April 1 is the official start to the blue crab harvest in Maryland. But don't reach for your mallet just yet.
"It's not time for crabs," said Jessica Borowski, a manager at Midtown BBQ and Brew. "It's too cold out."
The crabs seem to agree. The Chesapeake Bay's water temperature hasn't risen enough for the crabs to become active — and catchable.
Consumers set on Maryland crabs will see limited availability for now — and prices to match.
Prices for Chesapeake Bay crabs are typically high at the start of the season, and people who want them in April will have to pay even more than usual. But many consumers are just as happy eating hard-shell crabs from the Gulf Coast — where many local crab houses get their supplies throughout the year — and won't see a price fluctuation.

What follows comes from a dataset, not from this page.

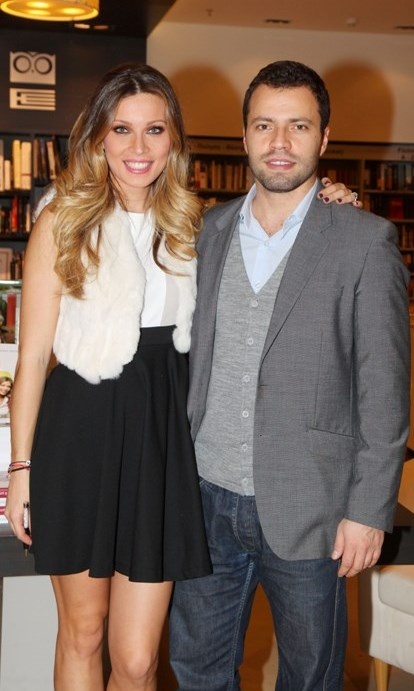 Στην παρουσίαση του βιβλίου της Μαριέττας Χρουσαλά!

For now, from Turkey Point to Tangier Sound, the beautiful swimmer, Callinectes sapidus, isn't swimming. Instead of moving to shallower waters where crabbers can catch them, they're staying warm deep in their muddy homes. This year temperatures in the bay for late March were slightly below the historic average for the month — but not dramatically so. It only seems that way compared to last year, when average March water temperatures were unusually high.

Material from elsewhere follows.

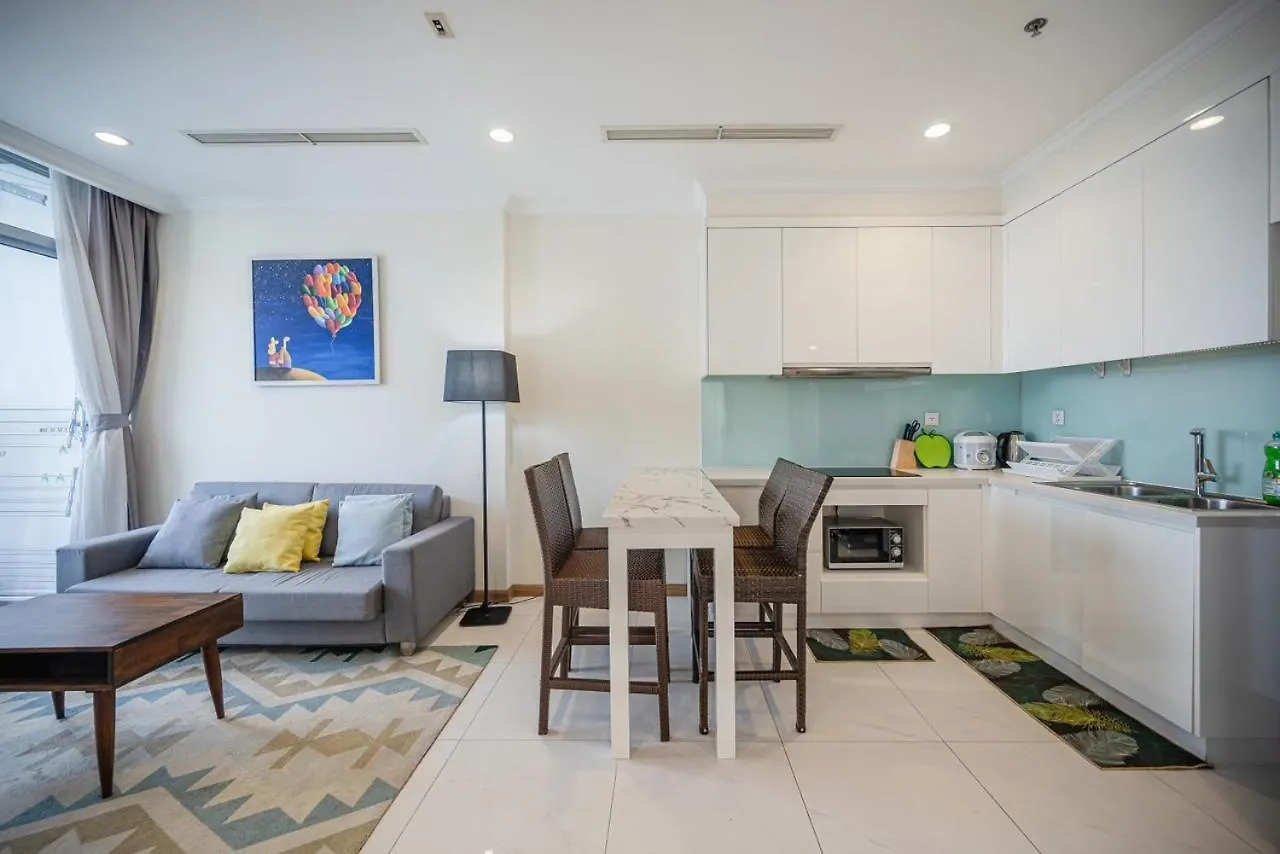 Apartment Vinhomes Central Park Ho Chi Minh City Vietnam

"I think we can expect a slow start," to the season, said Brenda Davis, blue crab program manager for the Maryland Department of Natural Resources' Fisheries Division. "The cold temperatures are likely to keep early catches low. Until the water warms up, crabs are not very catchable."
Glen Frost, who works with watermen for his Maryland Crabs Delivered service, agreed with that prediction. "Last year on opening day we had 50 bushels of crabs," he said. "This year, I think they'll [catch] hardly anything."
The water needs to be about 54 degrees before the male crabs start moving, said Steve Vilnit of the Maryland Department of Natural Resources' Fisheries Service. "Historically, the hard crab catch remains fairly low in Maryland until the water reaches approximately 58 degrees," Vilnit said. "At that point the harvest picks up dramatically."
Crab-watchers are awaiting the release, later this month, of the annual winter dredge survey, which has been conducted jointly by the DNR and the Virginia Institute of Marine Science since 1990. The survey reveals the number of crabs living in the bay and is a the key piece of data used when deciding whether to ease or tighten catch restrictions.
But the numbers in the dredge survey don't necessarily predict the crab harvest — which ends in December — and is subject to myriad environmental and economic influences. A major storm, for instance, could send the crab population helter-skelter. And just because it's cold now doesn't mean crab populations won't be plentiful later in the season.
Stakeholders including environmentalists, watermen and wholesalers aren't predicting anything beyond a sluggish start to the season.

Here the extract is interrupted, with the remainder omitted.